For attempting such a twisty narrative within the confines of commercial cinema – as well as for injecting some socially-relevant elements (as he did in the far superior Ramana) – director Murugadoss is surely deserving of the cinematic equivalent of the Param Vir Chakra. But why does such a well-intentioned and obviously talented filmmaker – when Sanjay’s diary is read for the first time, its contents are detailed in a flashback; when it’s read again by another character, the same events zip by as if in fast-forward mode, as if this character is getting a crash course in the truth – feel the need to include not only scenes of severely sadistic violence, but also a cringe-inducing moment wherein the villain shoots a bystander dead, and afterwards, strips her, exclaiming that she won’t feel the shame anymore?
For all the novelty in Ghajini, the part that works best is the most old-fashioned – the romance between Sanjay and Kalpana (the very pretty Asin, who grates a bit initially, but settles down quickly to become the film’s most memorable character).
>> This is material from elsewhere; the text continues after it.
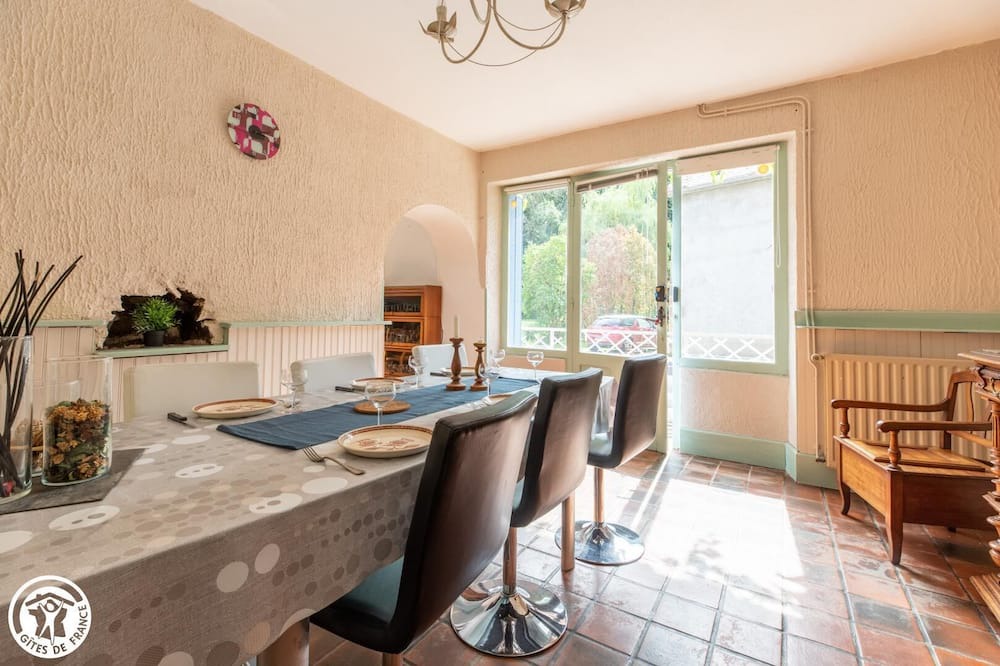 Photo of Kitchen in Miremont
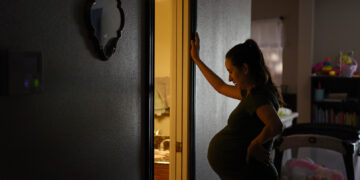 دولة خليجية تلغي عقوبة الحمل خارج إطار الزواج!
Harris Jayaraj’s foot-tapping numbers (Oru maalai ilaveyil neram is a beauty) could have been shot better, but they do add that extra zing to these portions that are funny, charming, and thoroughly entertaining.
More than in anything he’s done so far, Suriya shows he can do relaxed romantic comedy as well as it can be done. But the poor man is unfortunately stuck in an action movie, and he’s obviously bulked up for it, so he also has to – unbelievably for his character, that of Chairman of a company – pulverise twenty goons single-handedly. And that’s when you see that the problems in Ghajini aren’t as much due to the writing or the directing as with the perception (and the presentation) of the hero – sorry, Hero – in Tamil cinema. Whatever the story, whatever the role, he – sorry, He – has to be not just a man, but a Superman.
It wasn’t always this way. Long before Memento, there was a Tamil movie that featured an (anti)hero who was not quite there mentally, and whose tragic, violent story was teasingly pieced together through the course of the film. That, of course, was Sigappu Rojakkal, and there’s a scene here that looks like a direct homage – when a character enters the hero’s room and finds scribblings all over the walls that alert her to who he really is. For its time, Sigappu Rojakkal was a slick, successful thriller, and it didn’t have a pumped-up steroid boy at its centre. It just had a scrawny Kamalahasan in bell bottoms.